Actors felt they had 'big shoes to fill' in remaking the 1971 cult classic.
By Jocelyn Vena
NEW YORK — Kate Bosworth, Alexander Skarsgård and James Marsden have teamed up for a new millennium re-imagining of the classic 1971 Dustin Hoffman thriller "Straw Dogs." The violent, dark film revolves around a young couple (Bosworth, Marsden) who move back to her Southern hometown and find themselves pretty unwanted by the locals, including Bosworth's ex, played by "True Blood" vamp Skarsgård.
"I had not seen the original film when I was offered the role; I had read the script first," Bosworth told MTV News at the premiere on Thursday. "I knew the original was a real cult classic. I read it and it was really intriguing, and then I watched the film, and I was pretty blown away; big shoes to fill. I thought, 'Oh my god, this is going to be quite an intense one,' but I love a challenge."
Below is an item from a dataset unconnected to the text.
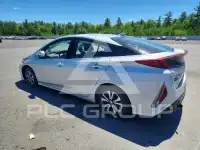 2018 Toyota PRIUS photo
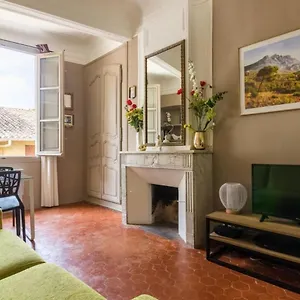 Appartement Anis Furnished Flat, Aix-en-Provence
Marsden was thrilled by the chance to tackle a character that was very new to him, even if it had been done before.
"That's honestly one of the reasons I was drawn to it," he said. "It's a terrific role [and] in the 1971 original, my role was played by Dustin Hoffman, and I'm hoping most people will forget that. But, you know, it's an actor's dream role. So it was a tough thing to turn down.
"I knew of the original, but I hadn't seen it," he added, noting he wanted to make sure "I had my own responses to [the story] before I was ever affected by seeing the original." He said that he didn't want to go into shooting "aping" Hoffman.
Skarsgård also found himself with a major challenge. As the film's bad guy, he wanted to make sure he wasn't totally unlikable. "There was something that I felt there was a potential of exploring the relationship between the three of them, the dynamic there where I felt it could be interesting if you almost like Charlie in the beginning of the movie, and you're not sure if you want Amy to stay with David or go to Charlie," he said.
Charlie's motives come from a really deep emotional place, Skarsgård added. "And, there was a sadness there that I wanted to capture," he said. "I didn't want to make it easy for the audience. I wanted to be more interesting than that."